Instance Segmentation

Label ground truth and perform instance segmentation using pretrained AI models like SOLOv2, Mask R-CNN, and SAM, or train custom networks with transfer learning

Instance Segmentation tools in Computer Vision Toolbox™ enable you to detect, classify, and segment individual objects within an image, even when multiple objects are overlapping. You can start by creating labeled ground truth using the Image Labeler and Video Labeler apps, which support interactive and AI-assisted annotation of object instances with polygons or rectangle ROIs. For more information, see Label Objects Using Polygons for Instance Segmentation.

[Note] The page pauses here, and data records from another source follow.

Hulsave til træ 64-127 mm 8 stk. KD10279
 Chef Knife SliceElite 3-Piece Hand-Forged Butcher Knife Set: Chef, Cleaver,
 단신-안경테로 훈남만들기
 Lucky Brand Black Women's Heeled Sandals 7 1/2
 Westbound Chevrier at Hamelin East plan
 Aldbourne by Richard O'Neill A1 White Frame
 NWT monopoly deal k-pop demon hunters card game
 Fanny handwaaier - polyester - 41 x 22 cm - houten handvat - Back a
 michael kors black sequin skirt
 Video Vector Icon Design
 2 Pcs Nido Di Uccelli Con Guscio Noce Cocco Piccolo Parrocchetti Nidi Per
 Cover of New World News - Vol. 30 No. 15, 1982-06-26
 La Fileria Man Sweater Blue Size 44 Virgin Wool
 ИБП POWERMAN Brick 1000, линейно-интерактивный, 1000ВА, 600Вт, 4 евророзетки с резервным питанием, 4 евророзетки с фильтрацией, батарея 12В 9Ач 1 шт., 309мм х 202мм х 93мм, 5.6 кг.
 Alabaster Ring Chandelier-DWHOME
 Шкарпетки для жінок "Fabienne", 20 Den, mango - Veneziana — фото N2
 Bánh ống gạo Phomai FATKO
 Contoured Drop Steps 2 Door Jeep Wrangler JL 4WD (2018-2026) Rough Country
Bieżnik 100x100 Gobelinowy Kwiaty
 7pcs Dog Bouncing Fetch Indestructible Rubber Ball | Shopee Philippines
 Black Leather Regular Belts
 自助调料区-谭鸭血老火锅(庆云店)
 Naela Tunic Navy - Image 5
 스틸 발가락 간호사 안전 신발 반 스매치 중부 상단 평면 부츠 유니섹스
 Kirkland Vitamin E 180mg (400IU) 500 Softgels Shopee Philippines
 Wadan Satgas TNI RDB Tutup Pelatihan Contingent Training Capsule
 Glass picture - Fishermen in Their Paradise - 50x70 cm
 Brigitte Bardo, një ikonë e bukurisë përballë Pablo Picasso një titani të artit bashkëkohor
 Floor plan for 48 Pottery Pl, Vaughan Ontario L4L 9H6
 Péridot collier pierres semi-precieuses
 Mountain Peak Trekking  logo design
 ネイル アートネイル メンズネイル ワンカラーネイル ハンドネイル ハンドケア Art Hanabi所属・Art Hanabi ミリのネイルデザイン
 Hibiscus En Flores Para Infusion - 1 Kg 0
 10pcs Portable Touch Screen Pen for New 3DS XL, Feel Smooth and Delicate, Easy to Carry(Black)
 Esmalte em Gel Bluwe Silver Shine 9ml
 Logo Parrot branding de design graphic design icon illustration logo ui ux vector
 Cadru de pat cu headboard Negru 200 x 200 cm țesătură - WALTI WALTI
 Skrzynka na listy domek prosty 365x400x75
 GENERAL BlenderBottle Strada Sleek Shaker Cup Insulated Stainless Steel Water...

The toolbox provides pretrained instance segmentation networks such as SOLOv2 and Mask R-CNN. You can use these models directly for inference or adapt them to specific applications through transfer learning. For more information, see Get Started with Instance Segmentation Using Deep Learning and Get Started with SOLOv2 for Instance Segmentation. For class agnostic instance segmentation, the toolbox supports the Segment Anything Model (SAM) through the imsegsam function and the segmentAnythingModel object.

To prepare training data, the toolbox offers utilities for managing and organizing data sets along with data augmentation and preprocessing. For more information, see Postprocess Exported Labels for Instance Segmentation Training.

After you generate predictions using pretrained or custom models, you can evaluate instance segmentation performance and generate detailed insights into segmentation accuracy, object-level precision, and performance across different object sizes. These metrics help assess the quality of both mask predictions and bounding box localization. For more information, see evaluateInstanceSegmentation.

The toolbox also supports 3-D object pose estimation using instance segmentation through the Pose Mask R-CNN framework, enabling fine-grained analysis of object orientation and structure. For more information, see Perform 6-DoF Pose Estimation for Bin Picking Using Deep Learning.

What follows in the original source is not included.